À sa manière toute personnelle, Otto Ganz est un gnostique lucide. Refuse de croire aux arrière-mondes. Se contente de nous dire que nous sommes jetés ici-bas. Qu’il n’y a pas de salut à attendre. Pas de meilleur monde à attendre. Pas de raison de perdre notre temps à nous révolter contre notre état. Les dés sont pipés. L’issue connue d’avance. Avec le risque toujours possible, dès lors, de sombrer, par désespoir, dans l’inertie. De laisser les choses en l’état. L’ignominie en l’état. Les horreurs en l’état. À quoi bon, en effet, agir dans le monde, s’activer, si, fondamentalement, l’univers aura toujours ce petit goût de cendres, cette pointe d’amertume qui nous reste sur la langue ?

Oui mais.

Je l’ai dit : j’avance l’hypothèse qu’Otto Ganz est un gnostique. Ne se contente dès lors pas d’affirmer que la vie sur Terre est un cauchemar. Une suite infinie de misères et de drames. Si Otto Ganz est un gnostique, on pourrait alors lire Du fond d’un puits comme les pages d’un journal. Où Ganz noterait scrupuleusement ses découvertes. Ses pensées pour lui-même. Ses tentatives, toutes ponctuelles et provisoires, de rééquilibrer les choses. Non que Ganz penserait que vivre serait un exercice comptable. Qu’il suffirait, par exemple, de dresser, dans une colonne de droite, la liste des évènements nuisibles et, dans une colonne de gauche, la liste des évènements apportant la lumière. Qu’il suffirait, alors, d’écrire depuis, à partir de, sur, les évènements lumineux pour réenchanter le monde. Non. Pas gnostique, ça. Pas gnostique du tout. Ne serait, d’ailleurs, qu’une façon de plus de s’illusionner, de croire que quelque chose, évènement ou être, pourrait, dans ce bas monde, disons, « nous sauver ».

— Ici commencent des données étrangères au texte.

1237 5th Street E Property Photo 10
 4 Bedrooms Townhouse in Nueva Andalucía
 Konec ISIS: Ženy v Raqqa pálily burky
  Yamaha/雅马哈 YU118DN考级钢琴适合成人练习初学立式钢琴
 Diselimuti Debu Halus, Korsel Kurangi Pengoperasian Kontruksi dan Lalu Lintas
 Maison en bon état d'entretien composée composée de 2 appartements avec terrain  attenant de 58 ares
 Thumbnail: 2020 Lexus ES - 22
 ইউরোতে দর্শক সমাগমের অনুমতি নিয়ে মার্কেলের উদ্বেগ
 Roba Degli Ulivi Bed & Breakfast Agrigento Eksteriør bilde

Ganz nous indiquerait plutôt qu’il y a un tout autre travail à faire. Un travail sur soi. Avec soi. Avec le monde. Un travail sans balise. Sans illusion. Un travail de bête. D’insecte ou de grand fauve. Un travail d’affût. Totalement expérimental. Au sens où rien ni personne ne saurait montrer la voie. La marche à suivre. Un travail constant. Au quotidien. Un travail têtu. Histoire de fourbir ses armes. D’affuter ses antennes. Histoire, malgré tout, totalement à contre-courant de l’époque, de percevoir la lumière qui traverse les êtres, les évènements du monde. Tous. Sans exception. Même les plus sombres. Ou les moins lumineux. Première étape, nous dit Ganz, vers la joie. Histoire de ne pas vivre en bête crevée. En zombie ou en cadavre échoué sur la route.